In Mr. Rice’s Banjo and Mandolin, other pieces of wood from the piano frame a three-paneled mixed-media work depicting the titular objects and reminiscent of an altarpiece. The piano, with its wooden form and intricately designed parts, provides versatile and manipulable materials that tie the artworks together through shared medium.
Campbell’s collages, like Kiss Alive II, combine calligraphy and bold, colorful shapes to present jarring amalgamations of opposing worlds. Some, like Mixolydian, aren’t as successful as others. The calligraphic lines, stars, and patterned strips of paper in Mixolydian lack the iconography that is successful in other works, and the collage does not reflect the strong feeling of cultural dissemination and assembly present in the exhibition. But it’s music—a diverse but shared cultural experience that is ultimately uninhibited by language, location, or beliefs—that conceptually unites the works in the exhibition. The works build upon the idea of a global community (in the title of the exhibition, alcohol is the unifying component) to construct a world where the boundaries of culture are dissolved.
In the surreal artworks on view in “Transformative Processes: The Sculptural Work of Matt Toole” at Mary S. Byrd Gallery of Art, Tool contrasts the rigidity of manmade objects with the liveliness of organic materials. Avian, a sculpture made of found objects, mahogany, oak, steel, and cast iron,is upright and branch-like with a metal beak and cast iron foot on a wooden base. Resembling a question mark in form, the sculpture could be the long neck of a crane, the expressive body of a dancer mid-movement, or something that lives only in the imagination. Other sculptures, like Spiral: A Brief Moment in the Continuum, are presented in bell jars like those one might see in a science museum. The works, which merge dissimilar materials like copper and thermoplastic, suggest isolated moments in their evolution from natural to unnatural, highlighting the ingenuity and symbiosis of humans and nature.
The artworks in the show are more than a seamless merging of the inanimate and animate. They capture the motion and malleability of both states, defying how one might expect them to behave or function in reality. The lines and textures of the work are precarious yet deliberate—they may be unexpected, but they feel like they have evolved that way.
It’s not surprising that all three exhibitions involve transformation in this mercurial period of political and social relations, but all artists present distinct worlds that explore convergences, whether they be of cultures, materials, or natural elements. Where things meet, they can also divide. Perhaps next year’s Westobou Festival will tackle what happens when they do.

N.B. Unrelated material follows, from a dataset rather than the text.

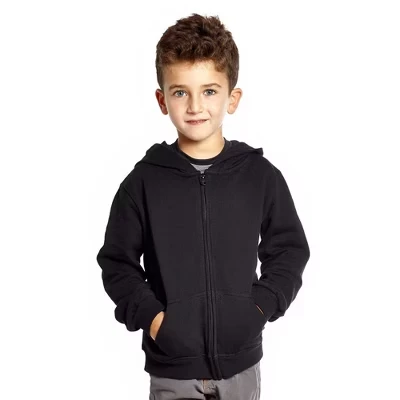 Детская толстовка с капюшоном из хлопка на молнии Leveret Kids, однотонная, черная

“Unseen Patterns: Jowita Wyszomirska,” curated by Laney Contemporary, is on view at Westobou Gallery through November 18.
“Transformative Processes: The Sculptural Works of Matt Toole” is on view at Mary S. Byrd Gallery of Art through November 4.
Yves Jeffcoat is an Atlanta-based writer and was a participant in the inaugural cycle of BURNAWAY’s Emerging Art Writers Mentorship Program.